Packet dropping with iptables

iptables is the most popular method when it comes to processing packets in Linux. Filtering rules can be divided into 2 types which differ considerably: stateful and stateless. Using stateful filtration allows the packet to be analyzed in the context of the session status, e.g. whether the connection has already been established or not (the packet initiates a new connection). However, easy state-tracking has its price - performance. This feature is considerably slower than the stateless solution, but it allows more actions to be performed. The rule below is an example of dropping packets based on their state (here: a new connection):

# iptables -A INPUT -m state --state NEW -j DROP

By default, every packet in iptables is processed as stateful. To make an exception, it is necessary to perform a dedicated action in a special table “raw”:

# iptables -t raw -I PREROUTING -j NOTRACK

It is always good to remember that the iptables method allows you to perform classifications on multiple layers of the OSI model, starting from layer 3 (source and target IP address) and finishing on layer 7 (project l7-filters that is, sadly, not developed any more).

When handling stateful packets, it is also vital to remember that the conntrack module for iptables uses only a 5-tuple which consist of:

  • source and target IP address
  • source and target port (for TCP/UDP/SCTP and ICMP where other fields take over the role of the ports)
  • protocol

This module does not analyze an input/output interface. So, if a packet that has already been processed goes (in other VRF) to the IP stack once again, a new state will not be created. There is, however, a solution for this issue which involves using zones      link-icon in the conntrack module that allow packets interface $X to be assigned to the zone $Y.

# iptables -t raw -A PREROUTING -i $X -j CT --zone $Y
# iptables -t raw -A OUTPUT -o $X -j CT --zone $Y

To sum up: due to its many features the iptables drop method is slow. It is possible to speed it up by switching off the tracking of session states, but the performance increase (in terms of PPS) will be small. In terms of new connections/seconds, the gain will be bigger. More on this subject can be found here      link-icon.

In the long run it is planned to migrate the iptables method to Berkeley Packet Filter (BPF), then the major speed/performance increase can be expected.
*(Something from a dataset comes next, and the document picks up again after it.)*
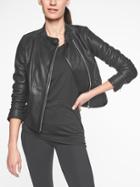 Athleta Womens Leather Moto Jacket Black Size M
Services Network professional services

ebtables

In case we want to go lower than layer 3, we have to switch the tool to ebtables as an alternative to iptables, allowing us to work on from layer 2 up to layer 4. For example, if we want to drop packets where the MAC address for IP 172.16.1.4 is different than 00:11:22:33:44:55, we can use the rule below:

# ebtables -A FORWARD -p IPv4 --ip-src 172.16.1.4 -s ! 00:11:22:33:44:55 -j DROP

It is important to remember that the packets passing through Linux bridge are analyzed by FW rules. This is managed by the below sysctl parameters:

  • net.bridge.bridge-nf-call-arptables
  • net.bridge.bridge-nf-call-ip6tables
  • net.bridge.bridge-nf-call-iptables

More info can be found in this article      link-icon. If we want to gain performance it is advised to disable those calls.

nftables for dropping packets

The aim of nftables (introduced by 3.13 kernel) is to replace certain parts of netfilter (ip(6)tables/arptables/ebtables), while keeping and reusing most of it. The expected advantages of nftables are:

  • less code duplication
  • better performance
  • one tool to work on all layers

The performance increase test      link-icon was done by RedHat. The following diagram shows the performance drop in correlation with the number of blocked IP addresses:

Fig.2: Diagram of a performance drop in correlation with the number of blocked IP addresses
Diagram of a performance drop in correlation with the number of blocked IP addresses

nftables are configured via the nft utility placed in the user space. To drop a TCP packet, it is necessary to run the following commands (the first two are required, as the nftables do not come with default tables/chains):

# nft add table ip filter
# nft add chain ip filter in-chain { type filter hook input priority 0\; }
# nft add rule ip filter in-chain tcp dport 1234 drop

Note: whenever both nftables and iptables are used on the same system, the following rules apply:

nftEmptyAcceptAcceptBlockBlank
iptablesEmptyEmptyBlockAcceptAccept
ResultsPassPassUnreachableUnreachablePass

Sometimes nft can become slow, especially when dealing with larger amounts of rules, complicated chains, or when running on low performance hardware such as ARM devices. For such scenarios, one can accelerate performance by caching actions assigned for specific flows (ACCEPT, DROP, NAT, etc.) and bypass further checking of ntf rules if a packet can be assigned to an already existing flow. The following diagram shows this idea in detail:

Fig.3: Example performance acceleration of nftSource: Example performance acceleration of nft      link-icon
Example performance acceleration of nft

Performance gain strongly depends on existing complexity but in the case of weak processors (such as ARM64) and complicated nft rules (such as in VyOS) one can expect a 2-3x throughput increase.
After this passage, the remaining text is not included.